Journal

Saturday, August 17, 2013

ATTENTION: OCTOBER 15th ALERT. NB DON'T SAY I DIDN'T WARN YOU.

Right. This is the plan.

If you are going to be in London on Tuesday, October the 15th 2013, you should buy tickets to come and see me read the whole of FORTUNATELY, THE MILK... on stage at the Central Hall, Westminster.

The event is being presented by Time Out Live and Foyles.

Things that will definitely be happening that night:

1) I will read all of Fortunately, The Milk... live on stage.
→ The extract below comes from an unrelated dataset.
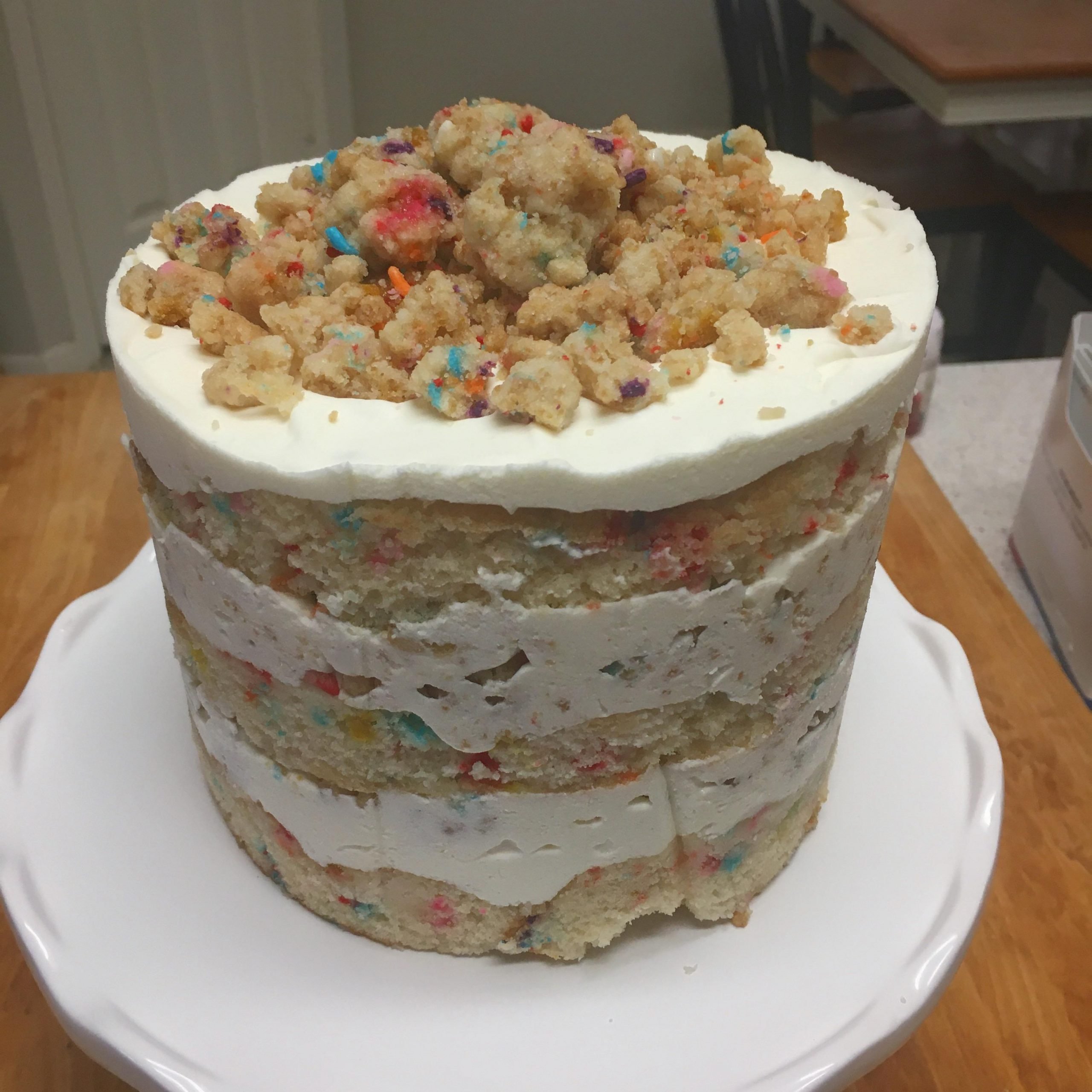 I made a Milk Bar Birthday Cake for my socially distant birthday. I ...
This will take around an hour.

2) Chris Riddell will be drawing stuff live as well, on the stage for everyone to see.

Here is a picture that Chris Riddell did of either the dad in Fortunately, The Milk, or of me. I do not dare ask him which it is.
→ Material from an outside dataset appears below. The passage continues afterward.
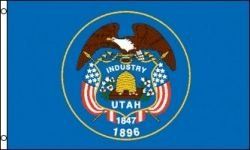 3 ft x 5 ft Polyester State Flag - Utah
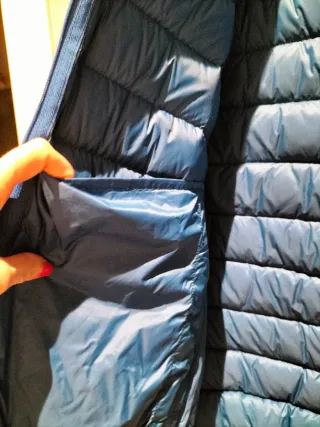 Cazadora acolchada hombre azul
3) The tickets will cost £10, £8, and (these ones come with a special limited edition of the book) £20.

Things that will most probably be happening but I really need to start sending out emails and making phone calls to make them happen:

1) There will be mysterious guest stars. Some of them may get to read lines from the book...

2) There will be mysterious guest stars. Some of them might make some music to accompany things.

Things that have been announced as happening that might actually happen, you never know:

1) I will "reveal all" about the creation of Fortunately, The Milk...

There won't be a signing after the event. A lot of the books available for sale at the event will most probably have been signed by me that afternoon, however.

There won't be a second performance. We're talking about taping or webstreaming this but no decisions have yet been made, so if you want to be there, you should do your best to be there.

Things that will definitely not be happening on stage that night:

1) Ice skating and ladies who dance through hoops of fire.

2) Real live dinosaurs attacking.

3) Human sacrifice.

This is how you get tickets:

http://www.timeout.com/london/things-to-do/neil-gaiman-and-special-guests-fortunately-the-milk

And go to the bottom of the page, and click on buy tickets. Tickets are already selling fast, so you may want to strike like a cobra. Or at least, click on the link.

FAQs

Here are some possible questions about this event you might frequently ask, with useful and informative answers by me:

WILL THIS BE FUN?

Yes it will. Please come.

I MEAN, IT SOUNDS PRETTY BORING, YOU JUST READING A STORY. ALSO IT'S TUESDAY EVENING. I HAVE MACRAME ON TUESDAY EVENING.

You really don't have to come. I don't mind. Although it won't be boring. It will be fun. (See previous answer for details.)

WILL THERE BE REAL LIVE DINOSAURS AND ALIENS AND WUMPIRES AND PONIES LIVE ON THE STAGE, AND HUMAN SACRIFICE, ICE SKATING AND LADIES WHO DANCE THROUGH HOOPS OF FIRE?

There will not. I thought I covered this already. Come anyway. Fun, remember?

SHOULD I BRING MY CHILDREN?

I would, if I were you. After all, if you tell them that you went to see the only performance of Fortunately The Milk without them they may grow to resent you and eventually plot against you and bring you down at your moment of triumph.

I WANT TO COME BUT I LIVE IN BRAZIL.

Brazil is a lovely place. On October the 15th you must drown your sorrows in cachaça-based alcoholic drinks, and go to the beach, and think about what you are missing.

WHAT IF I DO NOT LIVE IN BRAZIL?

Why don't you live in Brazil? The weather is wonderful, the people are delightful. One day we shall all move to Brazil, drink cachaça-based alcoholic drinks and sit on the beach, where we shall talk about art.

ARE YOU SURE ABOUT THIS? THE WHOLE MOVING TO BRAZIL THING?

No. I just ran out of useful questions and answers about the October the 15th FORTUNATELY, THE MILK night. Here, have a caipirinha.